郜元寶(復旦大學中文系教授、博士生導師):用多種方式來闡釋文學作品是一件很正常的事,出現劉心武「揭秘紅樓」也是很正常的。我認為有三個問題值得考慮:一是我們的強勢媒體中央電視台推出這個節目,它是否還可以有更大的空間做更多、更有意義的文化節目?二是民間大眾需要文化,就很容易讓這種節目乘虛而入;三是當前我們的批評家、書評家們對這件事的關注脫離主題,很少有人去談論名著本身,而只是糾纏於劉心武談問題的方式恰當不恰當。我們知道,《紅樓夢》之所以被當成中國文學作品的正統,應歸功於五四新文化運動。當時錢玄同、魯迅等人對《紅樓夢》的評價並不是很高,只是新文化運動的需要才達成共識把這部作品當作中國的經典名著。毋庸置疑,「紅樓」有待於進一步研究。

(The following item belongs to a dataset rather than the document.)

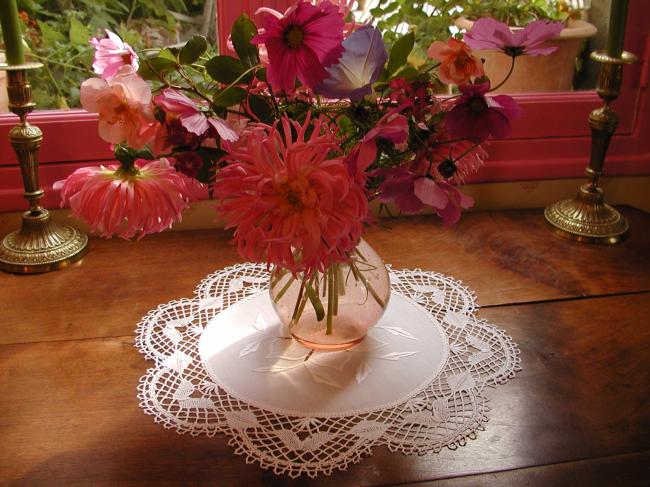 Magnifique centre de table brodé d'une large fleur et dentelle fuseaux(papillon)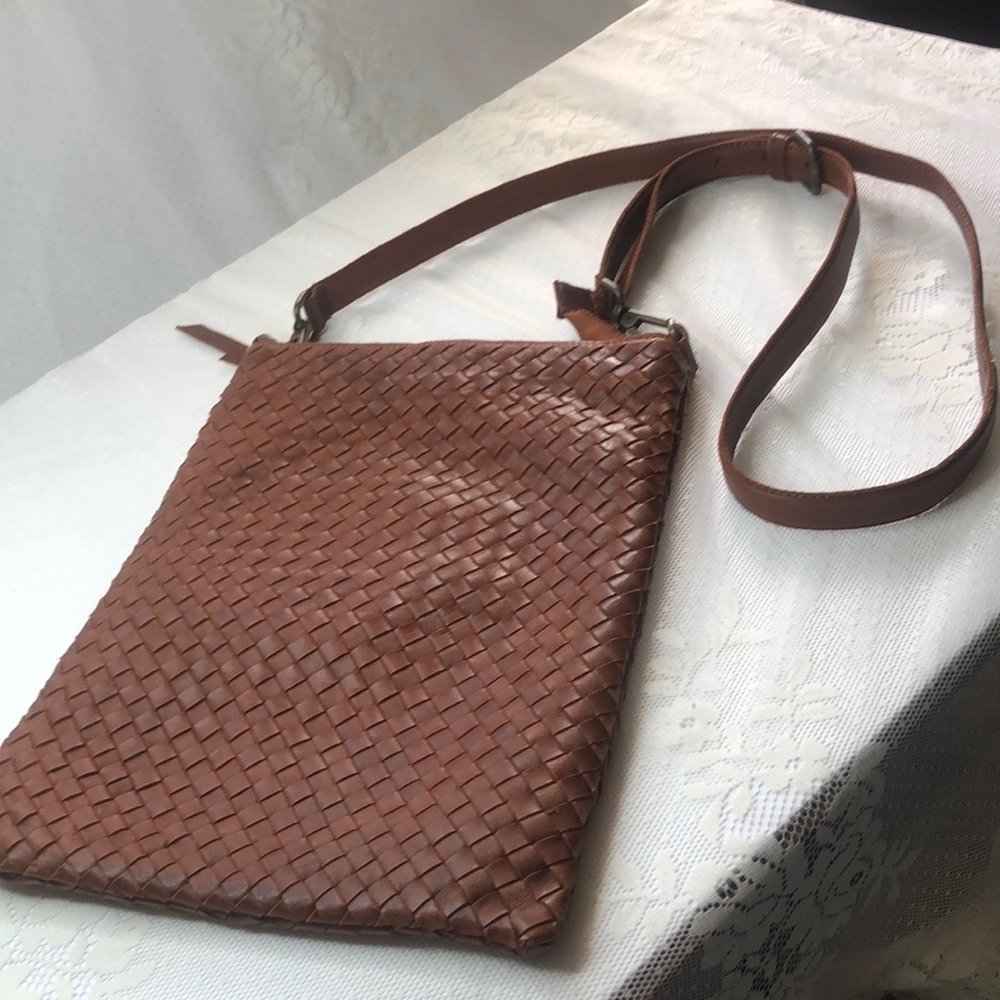 Platania Leather Crossbody. Made in Italy.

    認為中國文學經典名著不能被批評,是不正確的。今天,有的人拿著傳統文學經典到處招搖,而在五四時期這些作品還沒有成為經典的時候,它們是作為文學批判和文化反省的對象。今天的人和五四時期的人比起來有很大的差異,今人有很多迷信思想卻沒有對此引起足夠的警惕,我們好像很容易圈定一個話題,卻不善於揭開這個話題看其背後的真相,這可能是文化大眾化、平面化的共性。我希望在這個共性面前出現一些批評家,並且希望這些批評的聲音能夠佔據一定的話語地位,能夠在大眾文化體制裡開闢一條路子。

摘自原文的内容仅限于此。